A declining loan-to-deposit ratio for Chinese banks in the first quarter of 2019 indicated that the liquidity of the banking sector is generally adequate, said an expert of Moody's Investors Service.

"After rising for two years, the loan-to-deposit ratio dropped in the first quarter of this year mainly because banks' deposits grew at a faster pace than loans during the same period," said Nicholas Zhu, vice-president and senior credit officer at Moody's, one of the "Big Three" global credit ratings agencies.

Deposits increased more rapidly because it takes time for banks to switch from the old wealth management products with implicitly guaranteed principal and expected rates of return to new ones with non-guaranteed principal and floating income, according to the initial analysis of data by Moody's.

"Generally speaking, the liquidity of the Chinese banking system is fairly adequate," said Zhu during an interview with China Daily at the Moody's and CCXI 2019 Summit in Beijing on Tuesday.

Commercial banks and nonbanks are now paying much greater attention to the risks in the interbank business due to concerns over liquidity risk at small and medium-sized banks.

Starting on May 24, China's banking and insurance regulator took over Baoshang Bank Co Ltd for one year, as the Inner Mongolia-based, joint-stock commercial lender was exposed to serious credit risk.

"Previously, banks and nonbanks did not fully implement counterparty risk management in detail. With a sudden awareness of its importance, various financial institutions are all reviewing their risk appetite and the internal process of managing counterparty risks," said Zhu.

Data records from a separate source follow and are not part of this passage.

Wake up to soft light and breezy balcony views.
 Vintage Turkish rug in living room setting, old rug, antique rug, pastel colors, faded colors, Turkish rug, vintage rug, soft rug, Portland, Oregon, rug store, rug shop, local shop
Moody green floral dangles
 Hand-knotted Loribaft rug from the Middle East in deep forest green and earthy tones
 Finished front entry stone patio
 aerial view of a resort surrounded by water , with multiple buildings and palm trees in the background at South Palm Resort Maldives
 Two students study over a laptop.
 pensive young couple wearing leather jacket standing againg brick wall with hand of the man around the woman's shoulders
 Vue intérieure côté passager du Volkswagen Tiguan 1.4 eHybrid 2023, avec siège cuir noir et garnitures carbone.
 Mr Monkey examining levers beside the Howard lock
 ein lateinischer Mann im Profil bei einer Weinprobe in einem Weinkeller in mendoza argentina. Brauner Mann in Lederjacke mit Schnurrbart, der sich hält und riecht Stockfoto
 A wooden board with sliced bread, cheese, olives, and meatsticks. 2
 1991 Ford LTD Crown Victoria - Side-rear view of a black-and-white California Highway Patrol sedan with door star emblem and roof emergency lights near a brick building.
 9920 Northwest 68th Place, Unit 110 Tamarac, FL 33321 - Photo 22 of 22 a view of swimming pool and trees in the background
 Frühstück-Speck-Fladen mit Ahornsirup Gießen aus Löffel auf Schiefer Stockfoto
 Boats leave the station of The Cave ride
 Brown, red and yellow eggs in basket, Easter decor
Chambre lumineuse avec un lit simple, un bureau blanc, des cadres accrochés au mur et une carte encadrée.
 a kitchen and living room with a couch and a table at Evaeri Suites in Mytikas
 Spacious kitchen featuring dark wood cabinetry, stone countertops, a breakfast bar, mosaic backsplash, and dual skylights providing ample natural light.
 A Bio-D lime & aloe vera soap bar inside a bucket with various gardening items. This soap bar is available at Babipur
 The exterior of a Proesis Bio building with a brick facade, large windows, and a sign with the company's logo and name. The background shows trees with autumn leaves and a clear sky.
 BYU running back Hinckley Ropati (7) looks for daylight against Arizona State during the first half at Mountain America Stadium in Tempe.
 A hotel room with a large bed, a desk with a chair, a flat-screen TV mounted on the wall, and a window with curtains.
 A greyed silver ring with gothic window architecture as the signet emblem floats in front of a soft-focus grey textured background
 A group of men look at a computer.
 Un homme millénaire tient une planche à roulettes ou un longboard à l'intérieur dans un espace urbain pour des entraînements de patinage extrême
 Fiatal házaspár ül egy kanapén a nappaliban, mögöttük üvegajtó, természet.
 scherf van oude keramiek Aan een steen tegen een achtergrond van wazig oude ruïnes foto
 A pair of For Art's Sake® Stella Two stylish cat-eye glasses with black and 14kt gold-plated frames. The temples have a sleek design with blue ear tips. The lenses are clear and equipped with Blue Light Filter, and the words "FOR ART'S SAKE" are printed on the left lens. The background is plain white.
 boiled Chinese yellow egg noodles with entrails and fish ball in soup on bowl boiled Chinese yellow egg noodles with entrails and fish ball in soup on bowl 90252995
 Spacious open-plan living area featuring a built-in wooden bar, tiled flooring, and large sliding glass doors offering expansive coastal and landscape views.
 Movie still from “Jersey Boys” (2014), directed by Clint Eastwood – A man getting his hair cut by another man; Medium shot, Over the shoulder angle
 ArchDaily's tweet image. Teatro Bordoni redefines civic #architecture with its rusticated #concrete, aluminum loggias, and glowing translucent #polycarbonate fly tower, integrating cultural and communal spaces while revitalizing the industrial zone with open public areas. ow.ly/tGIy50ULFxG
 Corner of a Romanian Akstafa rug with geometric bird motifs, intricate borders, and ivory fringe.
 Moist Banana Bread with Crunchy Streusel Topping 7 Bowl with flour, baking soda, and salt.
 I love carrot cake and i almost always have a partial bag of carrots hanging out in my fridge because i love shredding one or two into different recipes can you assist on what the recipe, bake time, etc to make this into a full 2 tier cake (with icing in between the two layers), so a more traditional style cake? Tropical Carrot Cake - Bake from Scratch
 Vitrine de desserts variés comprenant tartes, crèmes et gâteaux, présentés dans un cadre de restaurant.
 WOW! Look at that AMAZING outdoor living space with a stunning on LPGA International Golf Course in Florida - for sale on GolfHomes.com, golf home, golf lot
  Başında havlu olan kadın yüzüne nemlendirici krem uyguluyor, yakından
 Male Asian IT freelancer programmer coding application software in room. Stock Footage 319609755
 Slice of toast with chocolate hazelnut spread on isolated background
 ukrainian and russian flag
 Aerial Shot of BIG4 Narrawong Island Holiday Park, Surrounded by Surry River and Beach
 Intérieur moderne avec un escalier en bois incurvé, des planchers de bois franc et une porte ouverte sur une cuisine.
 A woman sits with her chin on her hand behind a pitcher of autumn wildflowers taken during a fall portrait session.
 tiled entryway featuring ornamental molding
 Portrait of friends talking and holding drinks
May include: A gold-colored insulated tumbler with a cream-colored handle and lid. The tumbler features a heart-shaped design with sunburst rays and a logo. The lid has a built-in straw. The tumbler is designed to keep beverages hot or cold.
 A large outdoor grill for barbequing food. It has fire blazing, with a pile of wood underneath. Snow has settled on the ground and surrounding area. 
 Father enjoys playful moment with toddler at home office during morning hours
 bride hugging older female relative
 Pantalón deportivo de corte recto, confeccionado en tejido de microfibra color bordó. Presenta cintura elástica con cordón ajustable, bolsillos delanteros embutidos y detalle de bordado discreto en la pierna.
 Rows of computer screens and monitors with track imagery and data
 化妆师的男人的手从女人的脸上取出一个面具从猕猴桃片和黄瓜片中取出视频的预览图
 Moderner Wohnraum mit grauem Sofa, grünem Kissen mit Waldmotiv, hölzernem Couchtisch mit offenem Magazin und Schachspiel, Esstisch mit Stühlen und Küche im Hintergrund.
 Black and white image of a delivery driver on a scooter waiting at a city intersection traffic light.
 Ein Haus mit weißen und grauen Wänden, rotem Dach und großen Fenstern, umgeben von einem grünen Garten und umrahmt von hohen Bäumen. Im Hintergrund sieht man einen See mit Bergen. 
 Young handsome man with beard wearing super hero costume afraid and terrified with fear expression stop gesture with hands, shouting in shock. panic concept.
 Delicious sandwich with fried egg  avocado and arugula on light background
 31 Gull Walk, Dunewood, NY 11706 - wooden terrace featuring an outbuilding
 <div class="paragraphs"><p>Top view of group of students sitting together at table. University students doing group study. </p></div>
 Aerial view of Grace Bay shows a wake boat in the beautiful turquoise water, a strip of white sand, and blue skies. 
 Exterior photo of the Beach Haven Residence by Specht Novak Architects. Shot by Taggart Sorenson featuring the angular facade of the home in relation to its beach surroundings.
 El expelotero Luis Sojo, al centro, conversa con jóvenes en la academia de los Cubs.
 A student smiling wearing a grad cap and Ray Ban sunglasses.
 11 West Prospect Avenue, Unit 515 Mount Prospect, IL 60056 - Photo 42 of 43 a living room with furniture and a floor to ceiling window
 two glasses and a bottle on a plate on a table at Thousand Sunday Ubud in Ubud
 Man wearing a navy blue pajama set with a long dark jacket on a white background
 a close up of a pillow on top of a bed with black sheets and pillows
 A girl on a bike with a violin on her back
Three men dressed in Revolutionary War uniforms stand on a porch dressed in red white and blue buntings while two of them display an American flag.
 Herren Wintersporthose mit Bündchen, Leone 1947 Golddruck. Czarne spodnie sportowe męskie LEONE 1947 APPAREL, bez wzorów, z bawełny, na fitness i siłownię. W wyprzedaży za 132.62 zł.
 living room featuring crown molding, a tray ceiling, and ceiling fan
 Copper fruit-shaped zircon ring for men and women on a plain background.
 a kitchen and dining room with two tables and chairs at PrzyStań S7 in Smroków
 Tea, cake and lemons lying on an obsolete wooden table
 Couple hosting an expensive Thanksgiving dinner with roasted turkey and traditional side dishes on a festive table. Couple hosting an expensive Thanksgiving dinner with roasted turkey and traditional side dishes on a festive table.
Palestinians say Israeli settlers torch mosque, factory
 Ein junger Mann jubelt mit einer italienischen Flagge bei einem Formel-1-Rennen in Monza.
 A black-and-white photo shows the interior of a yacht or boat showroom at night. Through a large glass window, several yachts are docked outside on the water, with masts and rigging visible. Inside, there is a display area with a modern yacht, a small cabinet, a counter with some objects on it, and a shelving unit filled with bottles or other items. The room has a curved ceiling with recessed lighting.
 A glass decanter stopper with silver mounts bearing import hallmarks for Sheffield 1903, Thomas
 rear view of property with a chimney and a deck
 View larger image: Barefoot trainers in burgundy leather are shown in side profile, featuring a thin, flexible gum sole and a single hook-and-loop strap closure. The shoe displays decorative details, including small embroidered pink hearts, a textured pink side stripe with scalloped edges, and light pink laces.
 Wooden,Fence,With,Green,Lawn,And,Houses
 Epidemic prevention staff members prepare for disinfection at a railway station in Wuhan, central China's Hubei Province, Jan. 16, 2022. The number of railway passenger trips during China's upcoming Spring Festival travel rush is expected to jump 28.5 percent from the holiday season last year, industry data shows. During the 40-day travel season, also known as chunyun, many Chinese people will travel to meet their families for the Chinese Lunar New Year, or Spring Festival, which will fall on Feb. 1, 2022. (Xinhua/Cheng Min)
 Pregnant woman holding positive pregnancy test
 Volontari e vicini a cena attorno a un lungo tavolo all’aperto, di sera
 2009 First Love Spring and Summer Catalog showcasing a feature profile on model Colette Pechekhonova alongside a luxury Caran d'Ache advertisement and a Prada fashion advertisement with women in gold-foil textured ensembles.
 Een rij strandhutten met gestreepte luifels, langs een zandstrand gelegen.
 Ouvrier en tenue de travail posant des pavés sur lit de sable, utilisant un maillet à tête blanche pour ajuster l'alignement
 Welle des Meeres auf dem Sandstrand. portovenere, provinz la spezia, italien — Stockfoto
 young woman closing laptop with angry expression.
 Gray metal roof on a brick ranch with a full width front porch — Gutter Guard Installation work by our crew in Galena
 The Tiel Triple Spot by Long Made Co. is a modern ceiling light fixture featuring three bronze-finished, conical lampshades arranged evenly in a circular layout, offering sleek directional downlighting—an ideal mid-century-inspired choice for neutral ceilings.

He noted that although it is good to raise awareness of counterparty risk management in the long run, the market is still concerned about whether or not it will cause a rapid shrinkage of interbank financing, investment and lending in the short term for the reason that a rapid and forced shrinking of banks' balance sheets may trigger systemic risk or have an unexpected economic impact.

"Attaching great importance to this issue, the People's Bank of China, the central bank, and regulatory authorities have put the maintenance of financial stability at the top of their list of priorities, which also include reducing moral hazards, cracking down on shadow banking activities, and abstaining from providing implicit guarantees and making rigid repayments. The central bank and regulators have a strong willingness and the capability to realize the goal of maintaining financial stability," he said.

Recently, the State Council's Financial Stability and Development Committee held a meeting during which large State-owned banks and smaller joint-stock commercial banks said they would maintain a stable volume of interbank business with other small and medium-sized banks, in an effort to maintain market order.

According to a news release issued by the People's Bank of China on June 9, the central bank will use various monetary policy instruments to maintain a reasonable and adequate level of financial market liquidity, in addition to providing targeted liquidity support for small and medium-sized banks.

The growth of banks relies heavily on the real economy, which refers to the part of the economy that produces goods and services. As regulators have made their intentions clear that small banks should operate at the local level, banks are facing challenges in managing sector concentration risk that is closely related to the local economy, said Zhu.

"Mergers and acquisitions of banks within a few provinces have already taken place and may occur later. The intra-provincial integration of banks will help them reduce sector concentration risk and realize cross-regional reallocation of financial resources," he said.

But it is unlikely there will be trans-provincial integration of banks, as local governments want to have a certain level of local affiliation of financial service providers and therefore cherish the opportunity of having a licensed bank that is headquartered within their jurisdiction, he added.